Marble blankets, thread cocoons and black shadows. Three works by Carla Crosio
*Featured photo: Carla Crosio, Ho freddo, detail
Carla Crosio has named one of her works Genesis. A challenging, strongly evocative title, which in her case, however, is not to be understood in the biblical sense of ‘origin’, but rather in the Eliotian sense of an ‘end’ that is a prelude to a new beginning:
“What we call the beginning is often the end. And to make an end is to make a beginning”, wrote the poet. Carla’s work was born out of pain (personal and collective) and pain, as we know, turns life upside down, changes perspectives and goals, takes away light and hope. But when it does not annihilate, it offers wisdom, awareness and new energy: “Being born is not enough. It is to be reborn that we are born. Everyday”, could be Neruda’s laconic comment. The genesis is all in those ‘seeds’, and there are hundreds of them, lying on the ground in a random order, scattered around the perimeter of a hall in the Lenta castle (the exhibition will be open until 25 September): some are in polychrome marble, others are in stoneware or metal, and still others are woven with wool and have the colour of humus, of autumn, of earth. Potentially fertile, these swollen cocoons promise life, they wait to hatch, they are ready to be reborn. Soft, wrapped in small skeins, the spindles of thread clash next to their black raku brothers, decidedly more aggressive, ready to proliferate endemically, virulent and threatening. Who will prevail?

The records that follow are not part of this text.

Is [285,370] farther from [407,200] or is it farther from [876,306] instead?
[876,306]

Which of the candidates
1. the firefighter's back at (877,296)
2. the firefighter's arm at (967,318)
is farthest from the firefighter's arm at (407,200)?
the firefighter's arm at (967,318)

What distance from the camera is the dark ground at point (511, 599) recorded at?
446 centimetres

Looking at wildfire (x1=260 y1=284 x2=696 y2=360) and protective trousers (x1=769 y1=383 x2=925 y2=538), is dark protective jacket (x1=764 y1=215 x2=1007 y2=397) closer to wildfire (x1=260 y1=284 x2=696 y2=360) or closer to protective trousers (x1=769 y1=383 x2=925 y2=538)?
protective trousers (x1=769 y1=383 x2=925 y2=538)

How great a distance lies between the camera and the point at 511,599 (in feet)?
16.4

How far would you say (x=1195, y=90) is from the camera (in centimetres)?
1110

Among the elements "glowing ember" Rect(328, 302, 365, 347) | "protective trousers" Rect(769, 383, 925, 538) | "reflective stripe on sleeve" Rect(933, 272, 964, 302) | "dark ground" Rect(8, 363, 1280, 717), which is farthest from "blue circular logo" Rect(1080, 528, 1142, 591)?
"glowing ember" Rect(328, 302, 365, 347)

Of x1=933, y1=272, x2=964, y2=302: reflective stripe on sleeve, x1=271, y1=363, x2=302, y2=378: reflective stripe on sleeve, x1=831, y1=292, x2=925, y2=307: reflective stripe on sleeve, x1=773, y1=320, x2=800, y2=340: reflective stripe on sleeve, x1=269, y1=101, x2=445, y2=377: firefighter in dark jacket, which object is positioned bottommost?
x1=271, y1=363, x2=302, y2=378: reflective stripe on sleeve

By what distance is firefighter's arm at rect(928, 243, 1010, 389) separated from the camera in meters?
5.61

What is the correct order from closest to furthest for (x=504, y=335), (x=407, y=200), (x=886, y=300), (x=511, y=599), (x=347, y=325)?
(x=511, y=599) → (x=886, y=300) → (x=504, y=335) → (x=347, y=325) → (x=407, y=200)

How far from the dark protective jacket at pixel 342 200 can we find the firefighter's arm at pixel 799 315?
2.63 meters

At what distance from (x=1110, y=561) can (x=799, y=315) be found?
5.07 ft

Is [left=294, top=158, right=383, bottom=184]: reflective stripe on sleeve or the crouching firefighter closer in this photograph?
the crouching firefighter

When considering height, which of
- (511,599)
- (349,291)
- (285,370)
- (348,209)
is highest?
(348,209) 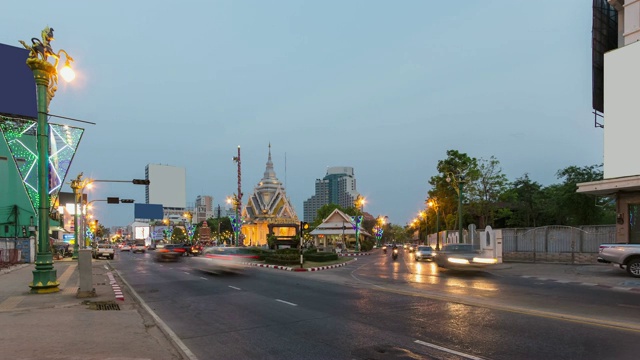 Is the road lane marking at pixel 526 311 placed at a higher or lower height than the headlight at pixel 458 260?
higher

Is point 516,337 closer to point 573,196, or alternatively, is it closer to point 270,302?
point 270,302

A little further on, lying on the rusty skeleton of a bed, a ‘blanket’ made of pieces of Carrara marble, sewn together with a white wool thread to form an unusual mosaic fabric. Their appearance recalls an enveloping plaid, but in substance they convey all the weight and chill of the hard marble material. I am cold explicitly states the title. And to understand why, it is enough to read Carla’s words: “There are days when it is difficult for me to understand. I do not understand the life around me, I question my own. Today I build myself a blanket. A blanket so big that it will bury my anxieties, that it will cover my fears. […] I need to hole up in a nest that understands me, that envelops my thoughts. […] There are now too many events that I disagree with, too much strength is needed to fight them all. I entrust my dissent to my work. All my denials”. In the meantime, swarms of blowflies (perfect silicone reproductions of real ones) colonise the gorges and, as in nature, just the sight of them carries the odour of death.

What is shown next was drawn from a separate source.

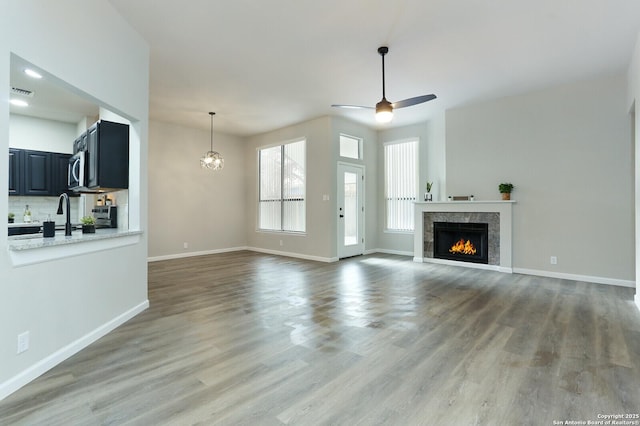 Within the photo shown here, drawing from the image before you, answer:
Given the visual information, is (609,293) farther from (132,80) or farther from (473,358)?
(132,80)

Beyond the door, in the ancient courtyard oozing with history, a gigantic black Ombra (Shadow) (300 square metres of woven plastic) pours into the space regurgitated by the ancient iron grates. A black tide harbinger of sinister omens: “It is the demon of religious massacres in the name of any god,” writes Carla, “in the name of power that justifies itself with infinite obscure nuances. It looks like an atomic shadow, it carries within it a mushroom formed by heavy white smoke. A miracle that has nothing of divine. It is rather witchcraft in the name of technological progress generated by perverse human minds. Cover me, I’m cold! It is a starless night. I see in a bin, an archive of contemporary data, I see in our collective tomb, a black plastic bag, the womb of a new-born. Garbage with a heart that has not been allowed to beat. On how many and what altars should we place our sins to save our souls? And my soul is now wrapped in a great cold. […] Tonight I need silence. Silence has always spoken to my thoughts, guided me towards the transparent. It is in my silence that I find my way”
These are works that sink into the truths of life, that delve into the most sensitive areas of being, that do not promise half-truths or rosy visions, but neither do they withhold the hope of a refuge, the possibility of redemption, the comforting joy of purification.